First some context. Necode's code is split into two main parts:

  • The Next.js server which consists of the frontend and REST API backend, and which is currently hosted on Vercel.
  • The websocket server, which coordinates live events such as starting/ending activities, processing submissions, and signalling clients to establish peer-to-peer WebRTC connections; it is currently hosted on a virtual machine at WPI.

Next.js is "serverless," so internal state (state maintained within the program memory) that is assigned in the course of processing one request will probably have reverted to its initial value when a new process is spun up to handle the next request. Since internal state can't be relied upon between invocations of API calls, I instead have to rely on external state, a database, if I want to maintain any persistent data.

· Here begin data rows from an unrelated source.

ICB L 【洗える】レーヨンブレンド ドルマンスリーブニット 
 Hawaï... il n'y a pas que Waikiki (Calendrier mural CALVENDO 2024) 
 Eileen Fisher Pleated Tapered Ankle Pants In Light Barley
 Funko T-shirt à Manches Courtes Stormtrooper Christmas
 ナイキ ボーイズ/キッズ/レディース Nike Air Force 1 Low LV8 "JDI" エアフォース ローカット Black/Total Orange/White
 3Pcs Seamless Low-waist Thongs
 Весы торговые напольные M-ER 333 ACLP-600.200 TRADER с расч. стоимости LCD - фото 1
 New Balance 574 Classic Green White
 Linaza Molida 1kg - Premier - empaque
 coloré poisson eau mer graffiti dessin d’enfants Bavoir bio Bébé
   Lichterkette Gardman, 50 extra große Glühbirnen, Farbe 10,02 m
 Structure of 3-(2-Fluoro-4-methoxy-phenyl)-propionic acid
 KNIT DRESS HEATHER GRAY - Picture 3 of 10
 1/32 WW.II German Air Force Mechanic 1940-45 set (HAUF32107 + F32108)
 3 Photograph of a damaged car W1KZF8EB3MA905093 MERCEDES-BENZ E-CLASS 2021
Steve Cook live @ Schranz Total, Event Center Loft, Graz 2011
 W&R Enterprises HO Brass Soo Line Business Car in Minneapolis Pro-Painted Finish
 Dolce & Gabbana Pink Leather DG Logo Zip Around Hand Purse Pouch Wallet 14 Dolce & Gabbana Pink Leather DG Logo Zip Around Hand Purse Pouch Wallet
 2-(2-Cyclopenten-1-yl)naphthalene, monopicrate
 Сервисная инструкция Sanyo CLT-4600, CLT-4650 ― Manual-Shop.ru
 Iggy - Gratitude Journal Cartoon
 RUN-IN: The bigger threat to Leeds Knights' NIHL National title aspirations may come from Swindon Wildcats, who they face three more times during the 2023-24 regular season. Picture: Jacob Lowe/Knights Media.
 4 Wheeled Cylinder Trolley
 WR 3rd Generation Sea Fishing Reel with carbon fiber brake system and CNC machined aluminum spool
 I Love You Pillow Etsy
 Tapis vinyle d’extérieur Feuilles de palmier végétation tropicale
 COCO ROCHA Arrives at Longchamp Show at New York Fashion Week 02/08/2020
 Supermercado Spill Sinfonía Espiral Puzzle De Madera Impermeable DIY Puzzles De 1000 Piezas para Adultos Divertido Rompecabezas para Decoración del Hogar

The websocket server is not limited by an inability to have internal state. In fact, it must not be, as the websockets themselves require maintaining a TCP connection between the client and server, thus maintaining state between requests. To be clear though, this is the only thing that the websocket server does which requires internal state; all state other than the TCP connections could be offloaded to an external data store, like the Next.js side does. Regardless, when a crutch like internal state is available, it can be very appealing to use. The danger is that this crutch does not come without a price.

Currently:

  • Restarting the websocket server ends all activities and resets all activity state, since that state is volatile.
  • Updating the websocket server requires restarting it, which has the aforementioned side effects.3
  • The websocket server crashing for any reason has the same issue.
  • Because state is stored within the process and is thus not visible to other processes on other machines elsewhere, the websocket server cannot be scaled horizontally, and the only way to scale it is to use increasingly better-provisioned virtual machines and eventually increasingly powerful hardware.
  • Following from the previous issue, there is also necessarily a single point of failure--if the single websocket server goes down, everything goes down with it.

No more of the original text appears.